デザインとアートの関係は、基礎研究と応用研究の関係に似ている
デザインとアートの違いは、
- デザイン→問題解決(客観的に理解されなくてはならない)
- アート→表現(客観的な理解を必ずしも必要としない)
ということは良く言われています。
下記のブログ記事が非常にわかりやすいので、読みながら非常にうなずきました。
デザインとアートの関係
デザインの職業訓練に通い始めてから、デザインとアートについて考えるようになりました。
デザイナー寄りの先生と、アーティスト寄りの先生両方に講義を受ける機会があるので、思考が刺激されるようです。
デザイナー寄りの先生は「情報をきちんと調べて考えなさい」。
アーティスト寄りの先生は「ぶっとんだことをやってみましょう」。
デザインは、論理と過去例を含めた情報の収集・組み合わせ・整理と配置、応用が主な内容です。
しかし、『ぶっとぶ』ことは、意図的にそうできるものではないように思います。
偉人の伝記などを読むと、天才と呼ばれるような人は本人が意図して『ぶっとんだ』という訳ではなさそうです。
熱意や発想、頭脳、探求心などが、結果的にそうさせている。
また、成功事例の裏では膨大な試行錯誤があり、夢半ばで途絶えてしまった道筋もあり……美大を出ても食べていけるのは一握り、という話も思い出されます。

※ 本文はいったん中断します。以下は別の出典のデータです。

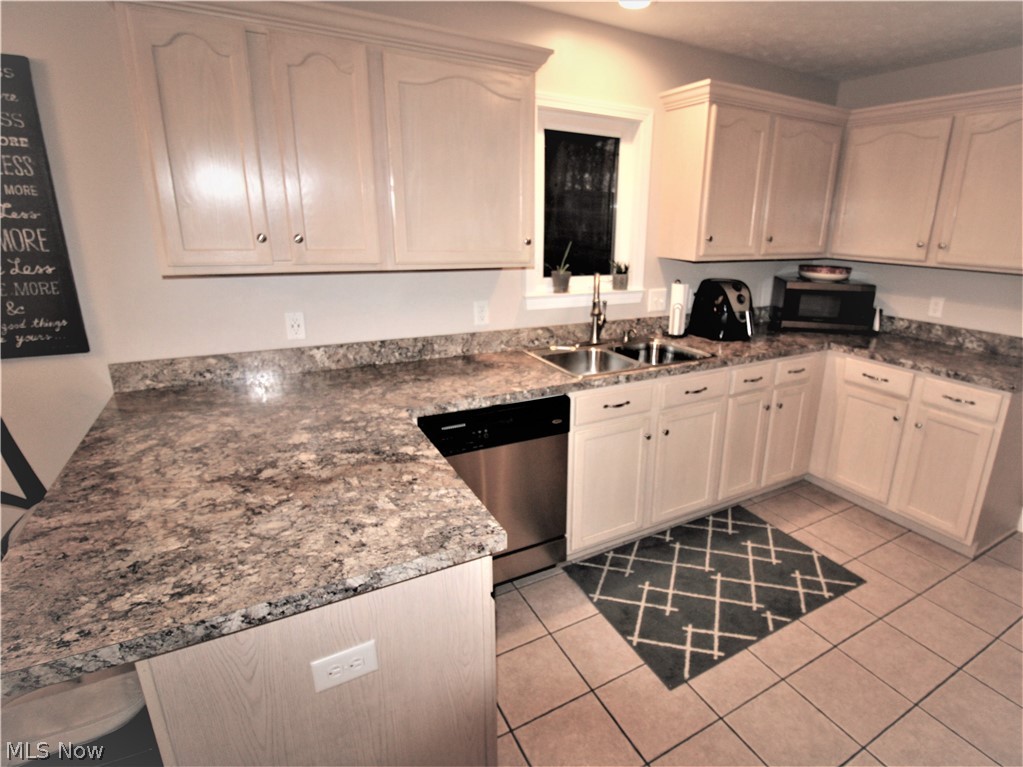 East Hampton Sub - Residential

そこまで考えたところで、これは基礎研究と応用研究の構造と似ているということに気がつきました。
基礎研究と応用研究
基礎研究
学術的な知識や,製品や利益に直接結び付くことのない技術と理論の発見に関する研究活動。一般に時間と費用が掛かる。
ブリタニカ国際大百科事典 小項目事典より
応用研究
基礎的な技術や理論を現実の製品に結び付けるための研究活動。ここでは特定の開発目的に合致するように研究計画が立てられ,定められた期限と予算の中で一定の成果が上げられることが要求される。
ブリタニカ国際大百科事典 小項目事典より
最近、研究費用が足りないという話題をちょくちょく見かけるのですが、特にすぐに成果と結びつきづらい、基礎研究と呼ばれる分野で顕著なようです。
デザインが過去の事例や技術などの情報を元にする『応用研究』なら、認められるのはごく一部のアートは『基礎研究』にそのままあたると感じました。
まとめ:基礎研究も応用研究もどちらも大事にしたい
私自身はどちらのタイプかと考えてみると、どちらの要素も持ち合わせている部分があるように思います。
たとえば、デザイン的に問題解決や成果を目指すことは純粋にパズルのようで楽しいし、一方でひたすら興味のある分野(今だと柿渋染めや和紙とか)の技法を突き詰めてみるのも好きです。
たぶん、どちらも一度熱中したら寝食を忘れるタイプだと思います。
だからといってどちらかしかやらない、というのもきっと疲れてしまうので、そのときどきでやりたいことをバランスを取りながらやっていきたい、と思ったのでした。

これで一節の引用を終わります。